Lorde Closes Australian Tour in Perth to a Rapturous Reception

The New Zealand pop star wrapped up the Australasian leg of her Ultrasound World Tour with a standout show in Perth.

Lorde Closes Australian Tour in Perth to a Rapturous Reception
Image: Sydney Morning Herald
Summary 3 min read

Lorde brought her Ultrasound World Tour to a close in Australia with a final Perth show that left fans thrilled.

There is a particular kind of energy that fills a Perth concert venue when the city knows it is not an afterthought. On Wednesday night, at the final Australian stop of Lorde's Ultrasound World Tour, that energy was unmistakable.

The New Zealand singer-songwriter, born Ella Yelich-O'Connor, chose Perth to close out the New Zealand and Australian leg of her world tour, and the crowd made clear they felt the significance of it. From the opening notes, the response was something closer to collective release than mere appreciation.

Perth occupies a strange place in the national touring circuit. Geographically isolated from the eastern seaboard, it has historically been the city artists either skip or tack on as an afterthought at the end of a run. When a major international act gives Perth a proper send-off slot, it registers differently there than it would in Sydney or Melbourne. Wednesday night had that quality about it.

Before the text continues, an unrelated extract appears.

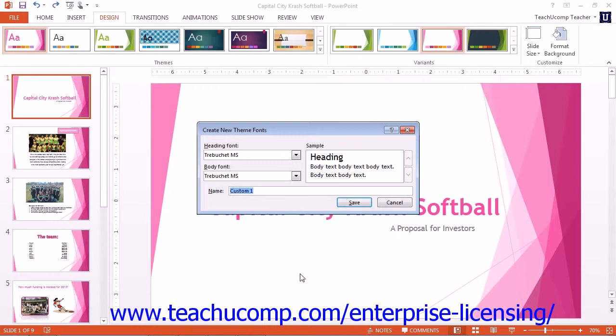If using PowerPoint 2010 or 2007, click the Fonts button in the Themes button group. Then click the Create New Theme Fonts command that appears in the drop-down menu.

Lorde's Ultrasound era has been built around a more stripped-back, emotionally direct version of her artistry. The production choices on the tour have reflected that, favouring atmosphere and intimacy over spectacle for its own sake. For a fanbase that has followed her from the spare minimalism of Pure Heroine through the dense pop architecture of Melodrama and the divisive sun-soaked textures of Solar Power, the show offered a kind of creative reckoning.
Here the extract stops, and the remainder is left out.